Task instructions
The output should be the listing below, limited to the lines from the one with "果粒之星纯种金毛犬活体宠物狗幼崽家养金毛幼犬寻回犬沙滩金枫叶红大型犬 血统级 实拍图" through the one with "12 schöne Hunderassen", exact and without pictures.
____ Input
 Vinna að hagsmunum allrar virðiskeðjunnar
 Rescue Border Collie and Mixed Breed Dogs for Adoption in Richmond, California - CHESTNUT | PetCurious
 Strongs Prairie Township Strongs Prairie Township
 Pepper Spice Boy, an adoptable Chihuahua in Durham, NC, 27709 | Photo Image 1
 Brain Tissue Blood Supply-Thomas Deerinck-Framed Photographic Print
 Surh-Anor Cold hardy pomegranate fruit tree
________
____ Input
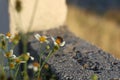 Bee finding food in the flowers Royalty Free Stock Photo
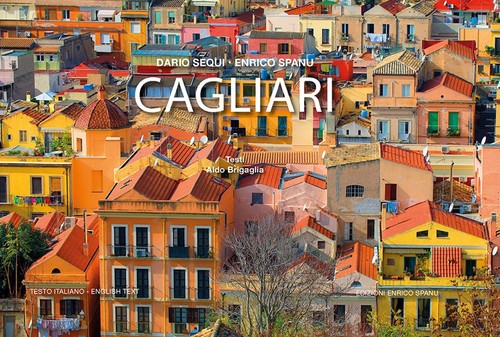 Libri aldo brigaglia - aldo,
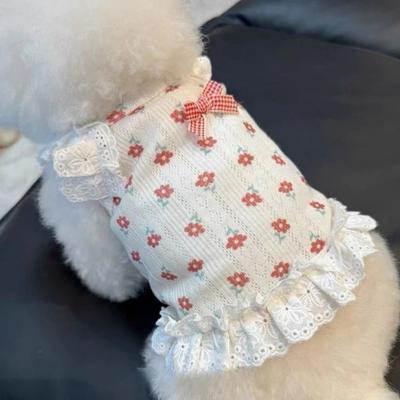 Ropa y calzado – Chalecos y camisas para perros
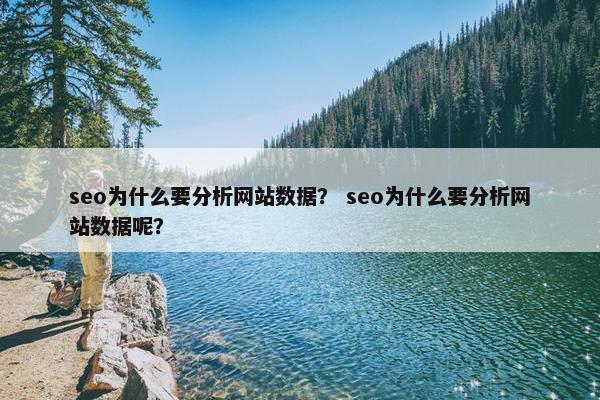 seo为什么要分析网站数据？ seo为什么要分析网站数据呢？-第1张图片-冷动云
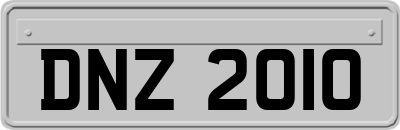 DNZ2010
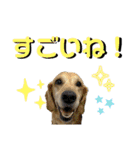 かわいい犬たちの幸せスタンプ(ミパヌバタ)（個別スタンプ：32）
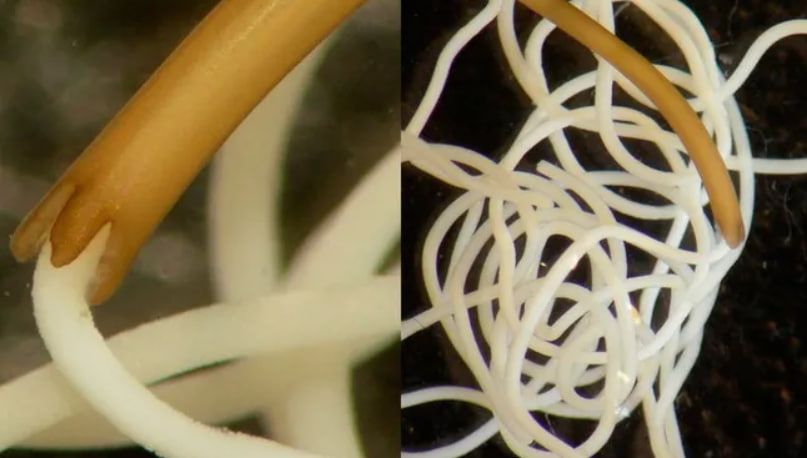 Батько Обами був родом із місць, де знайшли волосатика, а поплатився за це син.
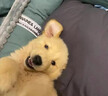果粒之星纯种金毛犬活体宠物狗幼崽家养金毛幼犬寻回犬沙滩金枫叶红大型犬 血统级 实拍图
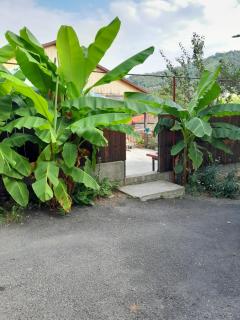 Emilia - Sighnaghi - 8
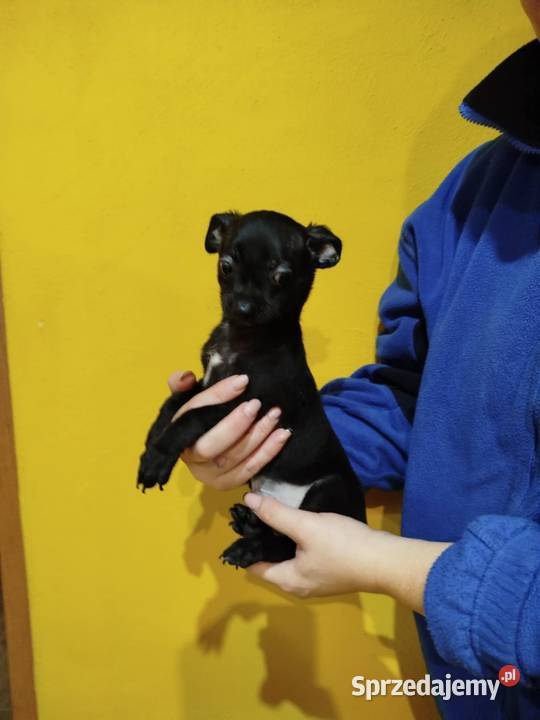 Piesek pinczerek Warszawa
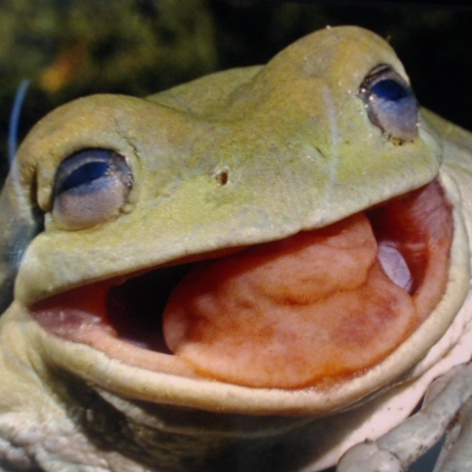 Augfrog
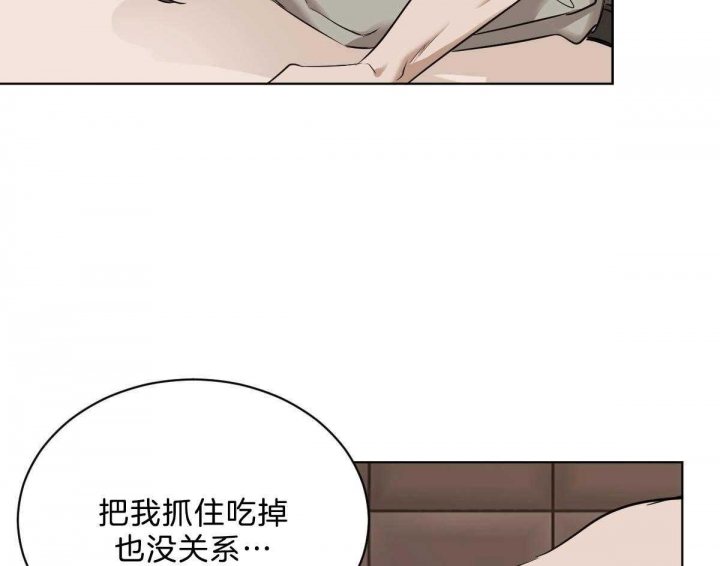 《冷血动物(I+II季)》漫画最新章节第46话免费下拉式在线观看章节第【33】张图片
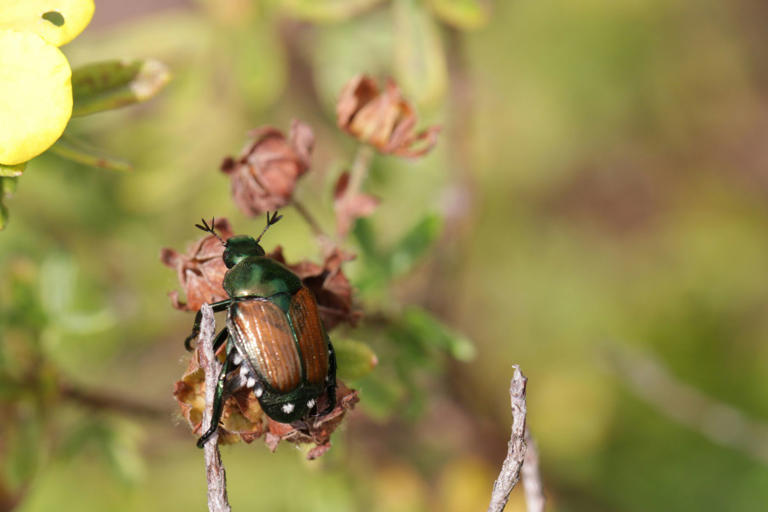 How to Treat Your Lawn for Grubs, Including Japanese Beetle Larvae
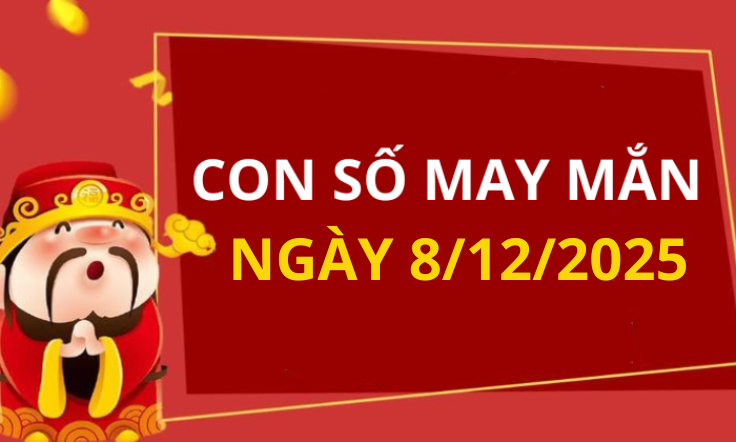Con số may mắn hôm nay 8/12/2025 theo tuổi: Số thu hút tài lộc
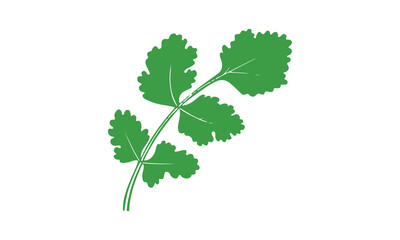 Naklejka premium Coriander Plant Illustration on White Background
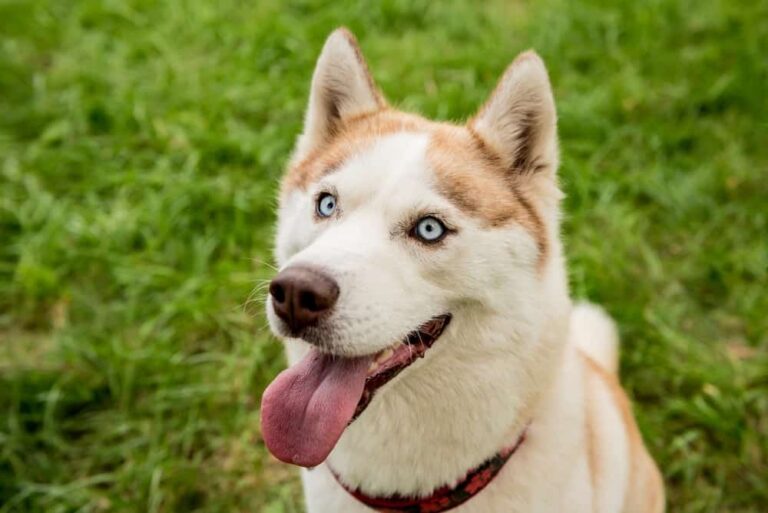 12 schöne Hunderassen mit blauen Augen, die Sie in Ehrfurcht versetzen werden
________
____ Input
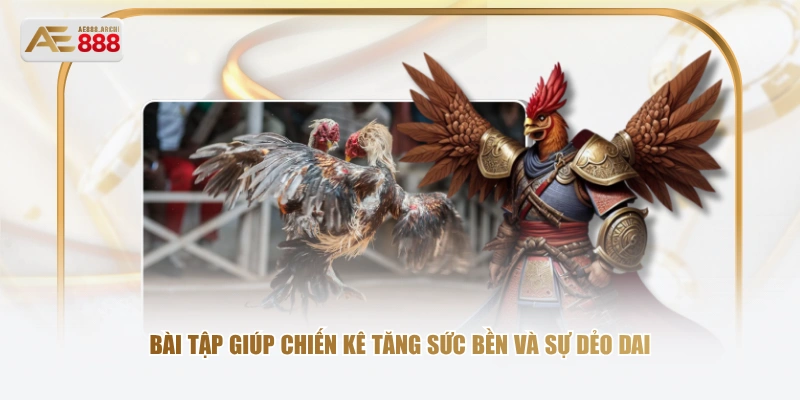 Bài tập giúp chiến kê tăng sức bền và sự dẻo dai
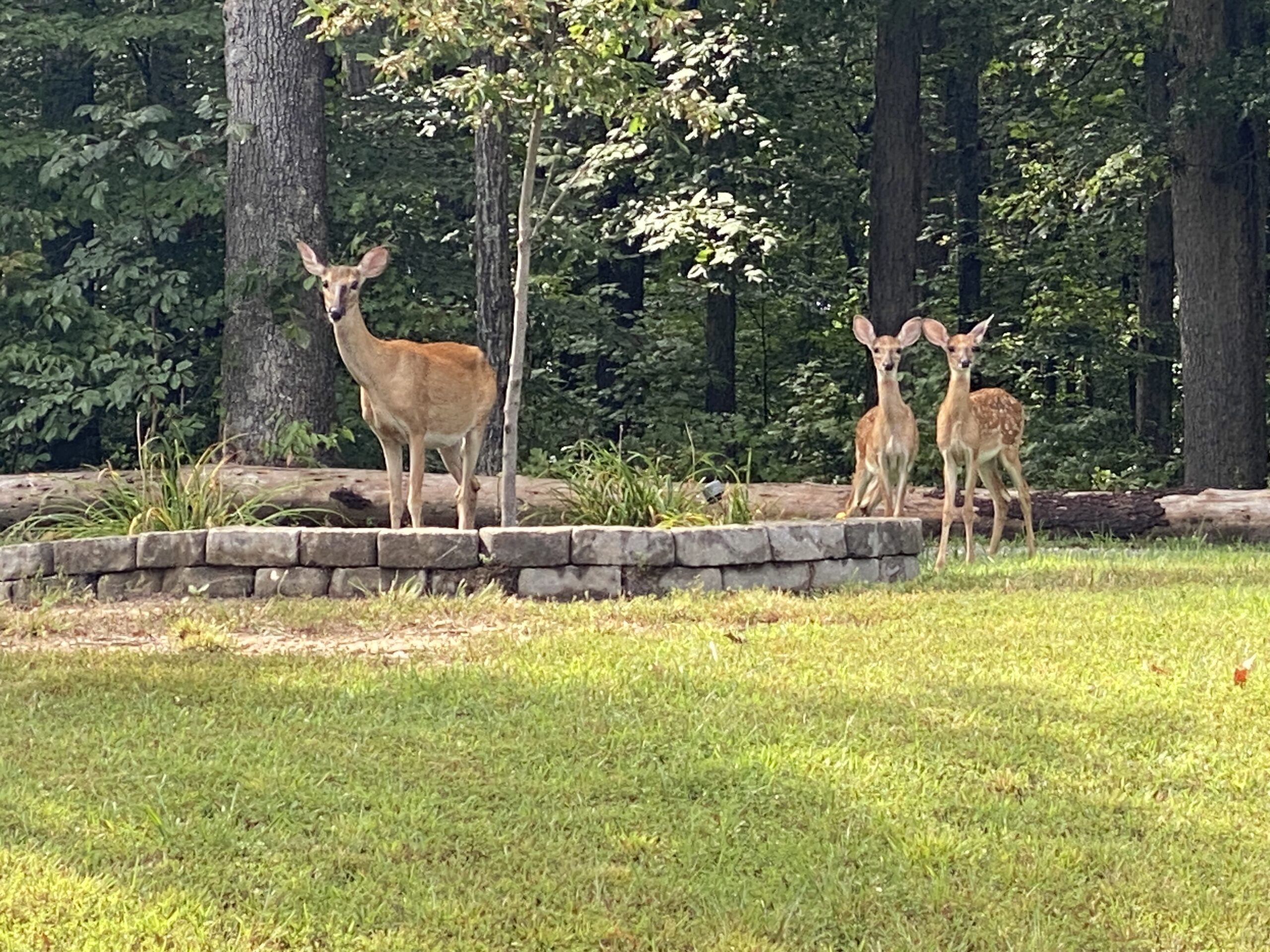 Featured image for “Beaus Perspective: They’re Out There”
________
Answer to the problem
果粒之星纯种金毛犬活体宠物狗幼崽家养金毛幼犬寻回犬沙滩金枫叶红大型犬 血统级 实拍图
 Emilia - Sighnaghi - 8
 Piesek pinczerek Warszawa
 Augfrog
 《冷血动物(I+II季)》漫画最新章节第46话免费下拉式在线观看章节第【33】张图片
 How to Treat Your Lawn for Grubs, Including Japanese Beetle Larvae
Con số may mắn hôm nay 8/12/2025 theo tuổi: Số thu hút tài lộc
 Naklejka premium Coriander Plant Illustration on White Background
 12 schöne Hunderassen mit blauen Augen, die Sie in Ehrfurcht versetzen werden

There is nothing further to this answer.